LISTED ENTRIES
= Beginning of Section =

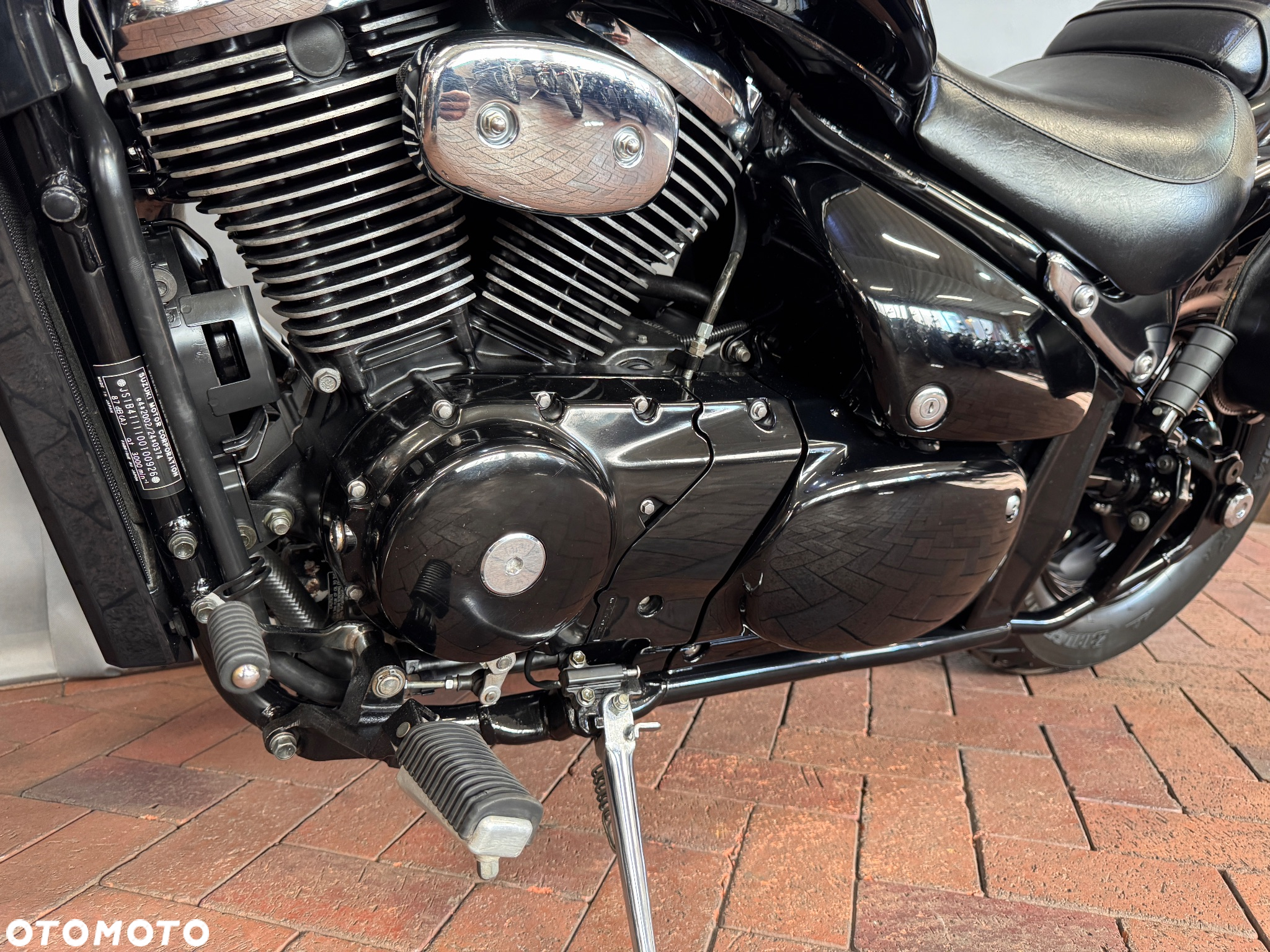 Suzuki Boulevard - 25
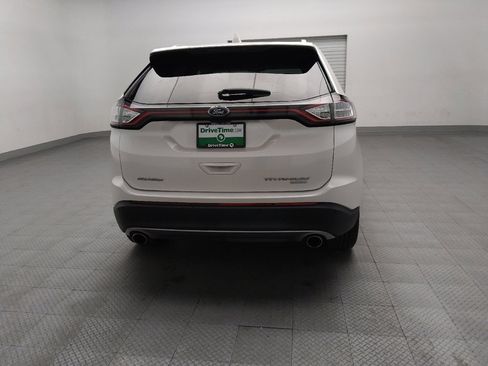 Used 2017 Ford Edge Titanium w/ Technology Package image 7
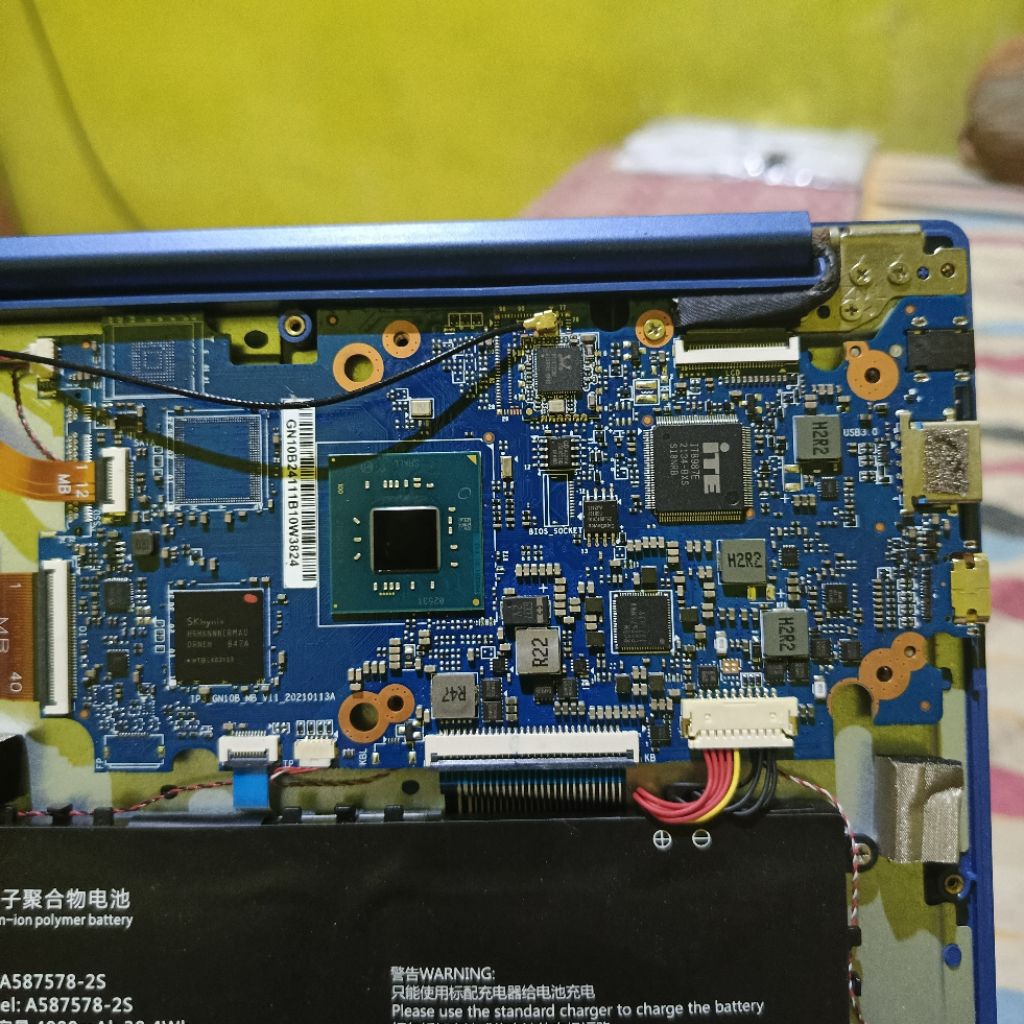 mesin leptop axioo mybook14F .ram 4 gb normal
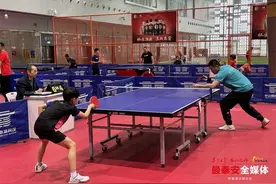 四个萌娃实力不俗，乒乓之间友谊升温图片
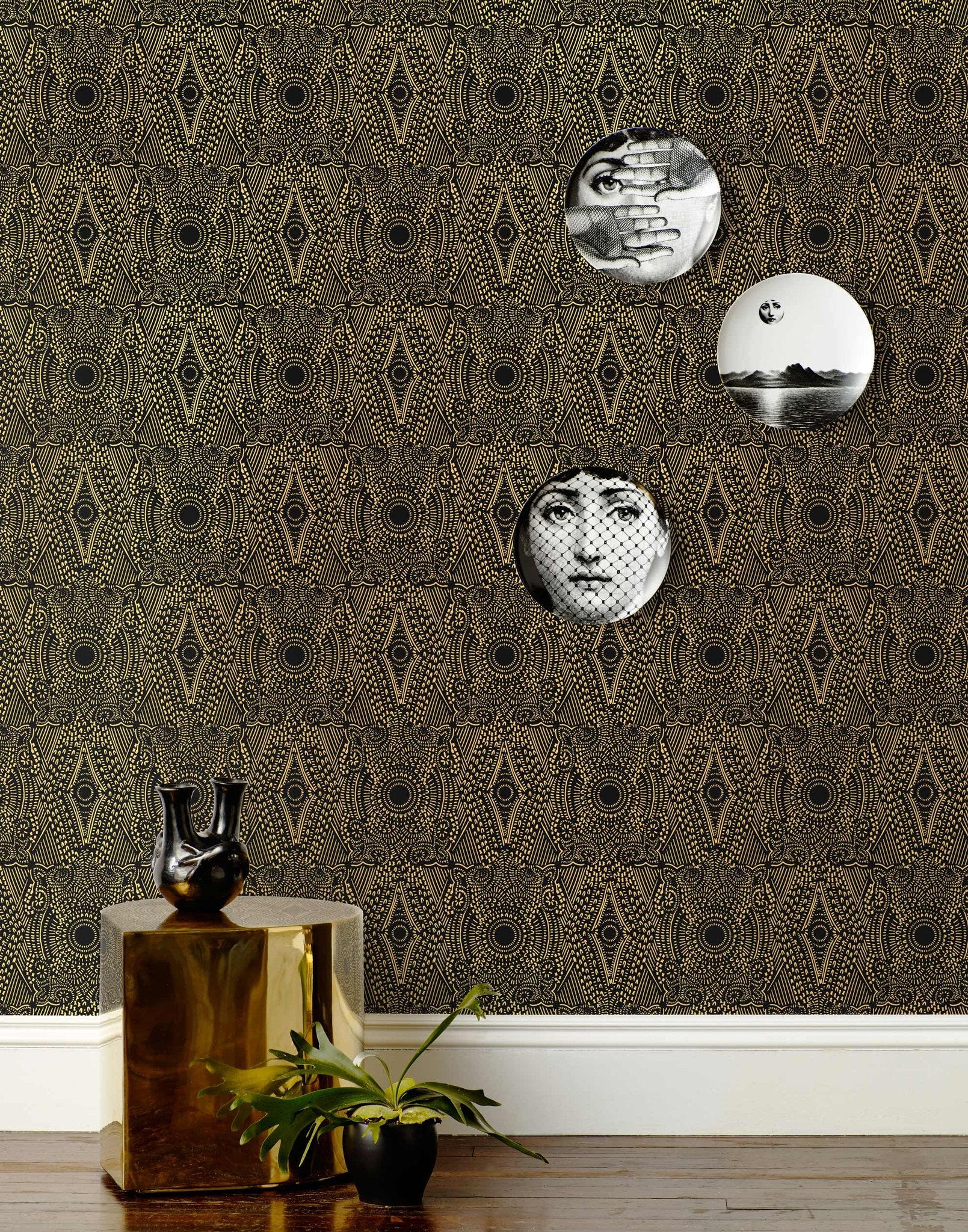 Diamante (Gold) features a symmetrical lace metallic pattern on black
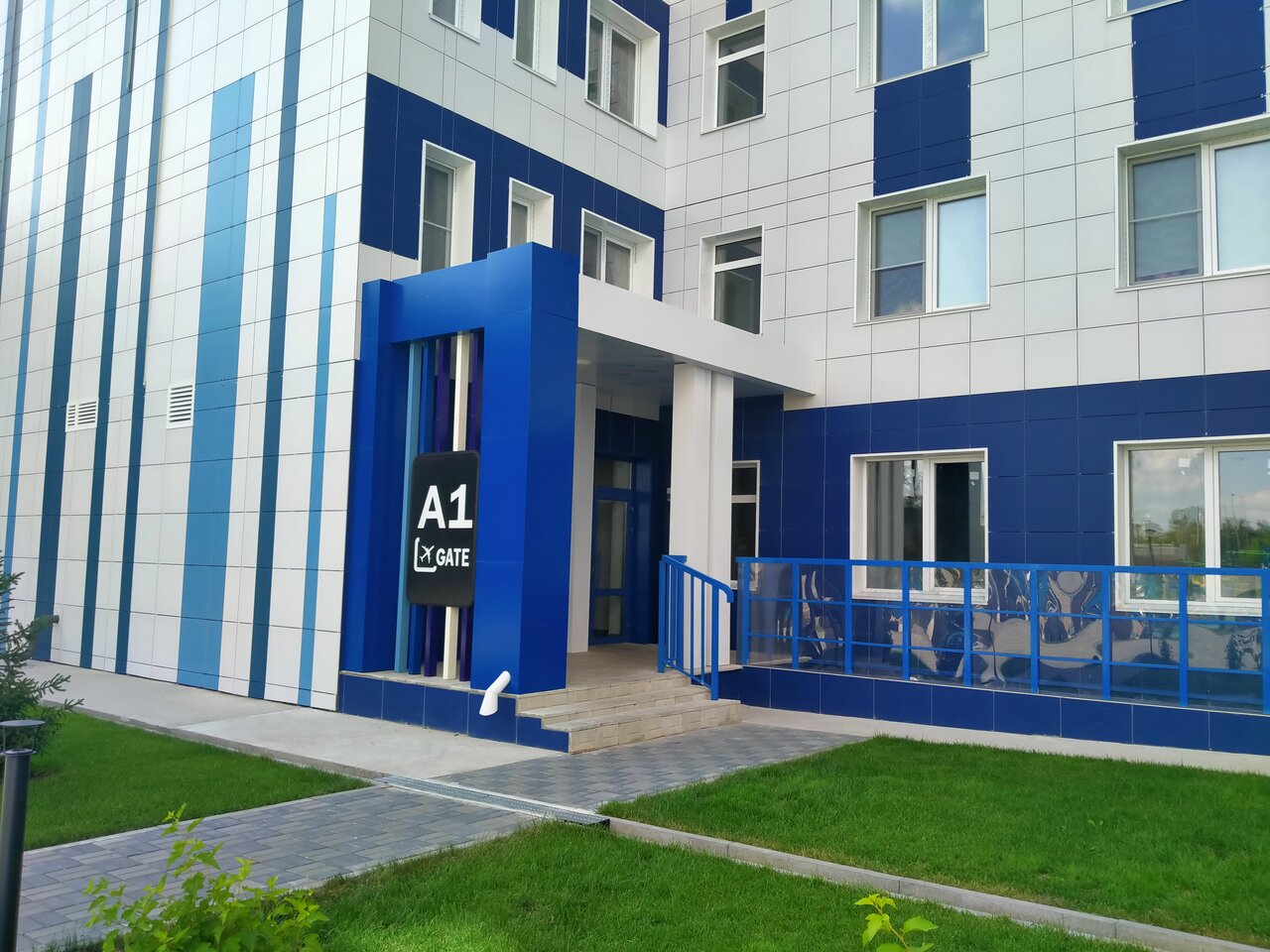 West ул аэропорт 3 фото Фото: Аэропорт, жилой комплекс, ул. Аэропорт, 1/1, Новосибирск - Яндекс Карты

= End of Section =
= Beginning of Section =

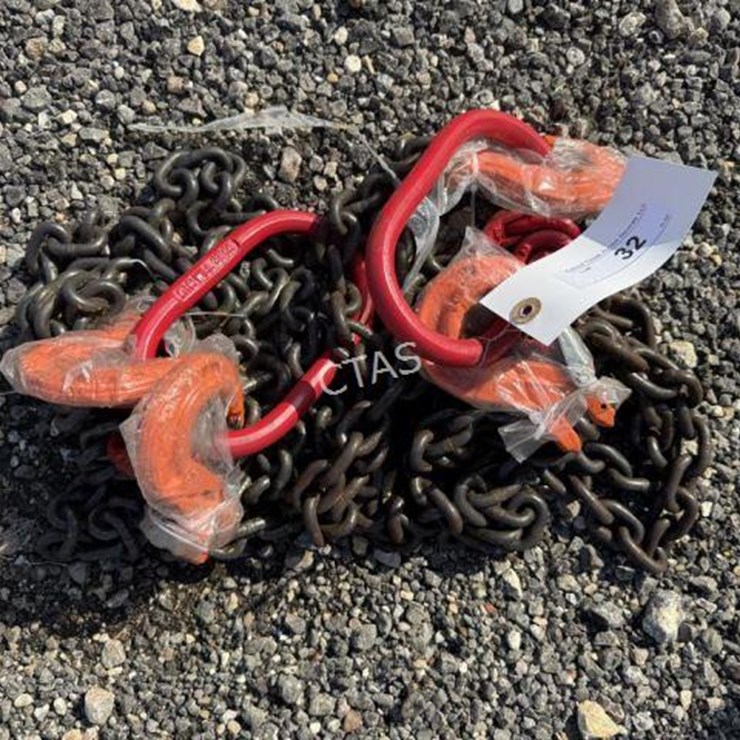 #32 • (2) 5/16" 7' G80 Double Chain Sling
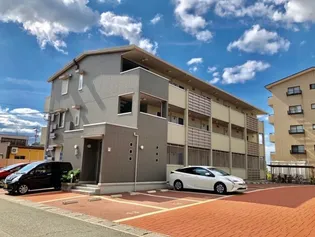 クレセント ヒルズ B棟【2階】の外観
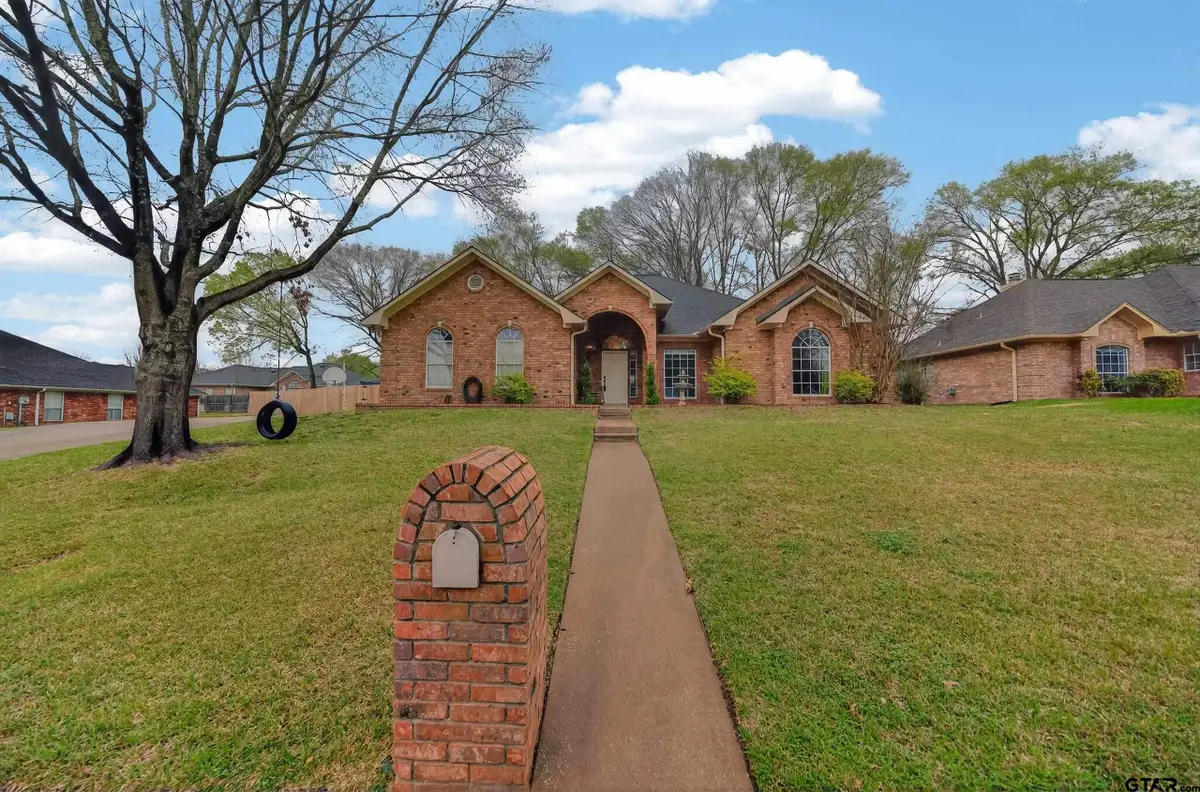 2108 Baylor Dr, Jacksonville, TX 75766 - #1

= End of Section =

TASK STATEMENT
In the records above, find the line with "Used 2017 Ford". Print exactly from there through the line with "West ул аэропорт", minus the pictures.

RESULT FOR THIS EXERCISE
 Used 2017 Ford Edge Titanium w/ Technology Package image 7
 mesin leptop axioo mybook14F .ram 4 gb normal
 四个萌娃实力不俗，乒乓之间友谊升温图片
 Diamante (Gold) features a symmetrical lace metallic pattern on black
 West ул аэропорт 3 фото Фото: Аэропорт, жилой комплекс, ул. Аэропорт, 1/1, Новосибирск - Яндекс Карты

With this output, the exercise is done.